Supreme Court of Puerto Rico, 1957

People v. Rivera Tacoronte

People v. Rivera Tacoronte
Supreme Court of Puerto Rico · Decided March 29, 1957 · Pimentel
79 P.R. 831

People v. Rivera Tacoronte

Opinion of the Court

Mr. Justice Pérez Pimentel

delivered the opinion of the Court.

Defendant Jaime Antonio Rivera Tacoronte appealed to this Court (1) from the judgment of conviction, and (2) from the order denying him the benefits of the Suspended Sentence Act.

In opposition to appellant’s motion to include in the judgment roll the application for probation made by the appellant in the lower court, the order denying such application, and the report rendered by the probation officer, the Fiscal of this Court has moved for the dismissal of the appeal taken from the order in question on the ground that it is not appealable. *832Defendant-appellant filed a motion objecting to the dismissal requested.

The law establishing the probation system did not create the right to appeal in such cases where the judge refuses to suspend the effects of a sentence imposed on the prisoner. 34 L.P.R.A. § 1026 et seq.
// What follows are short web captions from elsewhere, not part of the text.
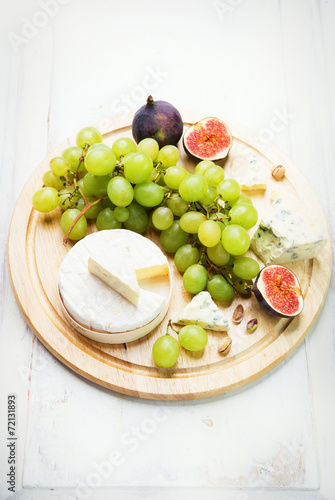 various types of cheese with grapes and figs
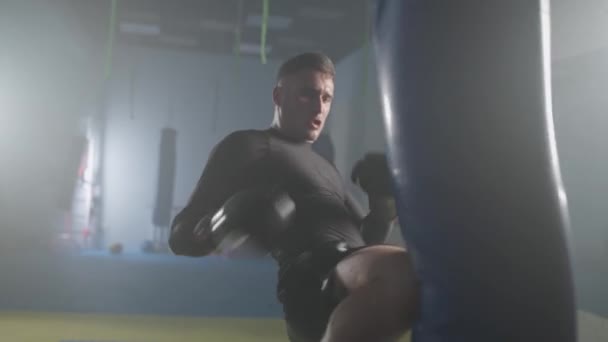 공격적인 전투기는 체육관에서 자신의 펀치를 선수는 가방을 슬로우 — 비디오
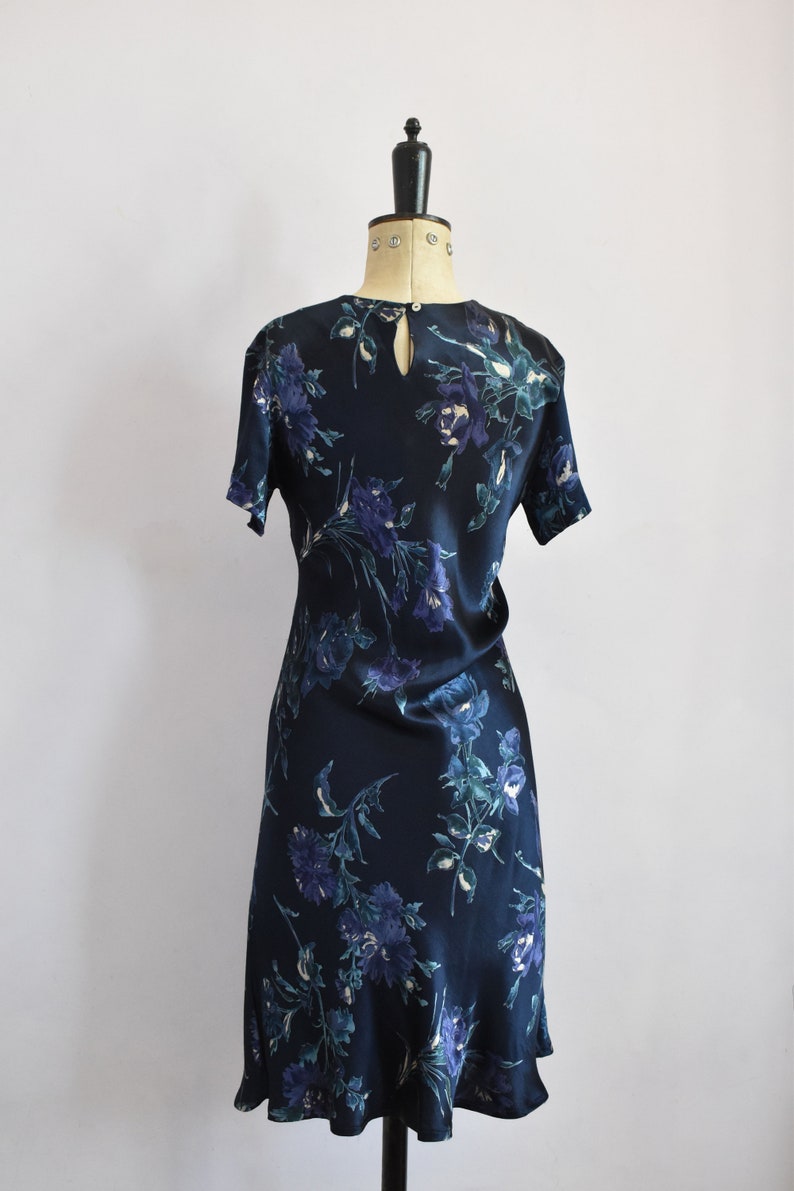 K&ouml;nnte beinhalten: Ein dunkelblaues Seidenkleid mit Blumenmuster. Das Kleid hat einen runden Ausschnitt und kurze &Auml;rmel. Das Kleid ist am Oberk&ouml;rper figurbetont und weitet sich zu einem leicht ausgestellten Rock.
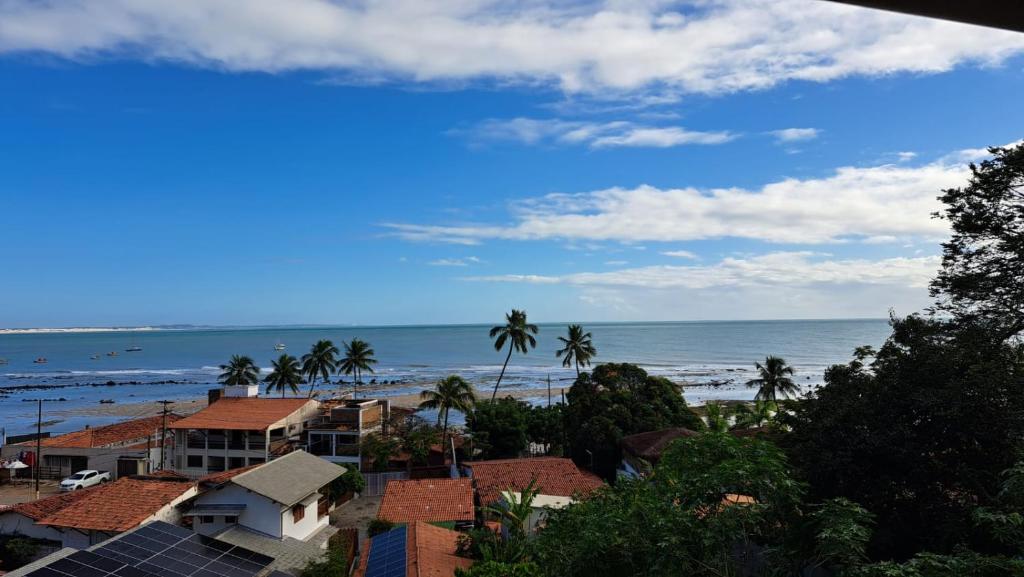 Blick auf einen Strand mit Palmen und das Meer in der Unterkunft Casa do Sol in Pipa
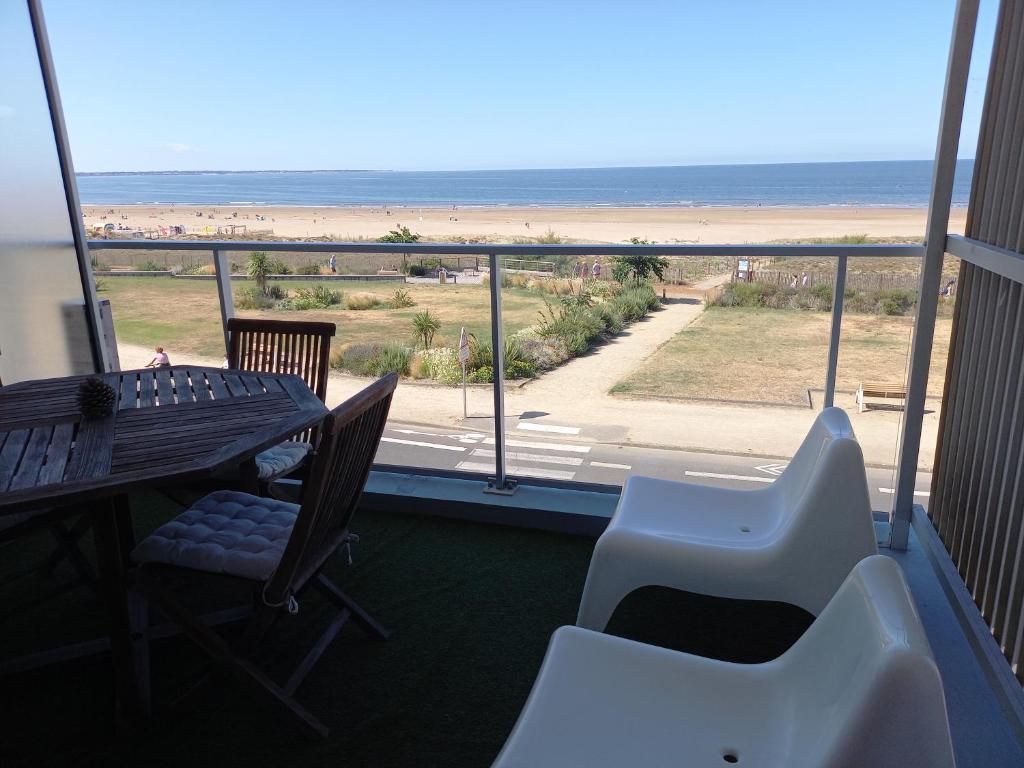 a balcony with a table and chairs and a view of the beach at Les tamaris in Saint-Brevin-les-Pins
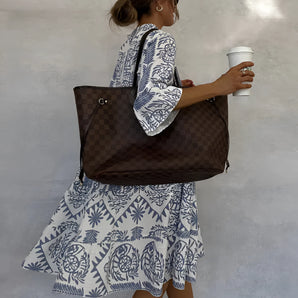 
A woman wearing a white dress holding a large brown oversized tote bag on her shoulder.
On the other hand, pursuant to § 347 of our Code of Criminal Procedure (34 L.P.R.A. § 1074) the defendant may appeal:

“1. ........
“2. ........
“3. From an order made after judgment, affecting the substantial rights of the party.”

We assume that the order from which an appeal has been taken in this case is an order rendered after judgment.1 However, such an order would not be appealable unless we held that the same affects the substantial rights of the defendant.

Probation or the suspension of the execution of a sentence comes as an act of grace and not as a right, to a person convicted of a crime. People v. Vélez, 76 P.R.R. 135. The law has not provided that, under specific circumstances or conditions, a defendant is entitled to have the execution of the sentence suspended. Contrariwise, its concession rests in the discretion of the trial court. Fernández v. Rivera, 70 P.R.R. 859; People v. Camacho, 69 P.R.R. 332. This being so, it cannot be held that the exercise of the judge’s discretion in refusing to grant the grace of suspending the effects of a sentence to a convict, affects his substantial rights. Exceptional cases may be foreseen, and this is *833not one of them, where a judge for some reason alien to the statute may refuse to suspend a sentence, as for example, if the judge refuses to apply the probation law to a person convicted of one of the offenses not excluded from the provisions of the Act, because, in his opinion, that specific offense must be included in the statute as an exception. The judge’s attitude in such case would imply that he has not exercised his judicial discretion in a lawful manner in refusing or granting probation in those felonies which are not expressly excluded by law and he might be compelled to do so through mandamus, as has been held in California,2 or perhaps his arbitrary order could be subject to review by this Court by way of certiorari.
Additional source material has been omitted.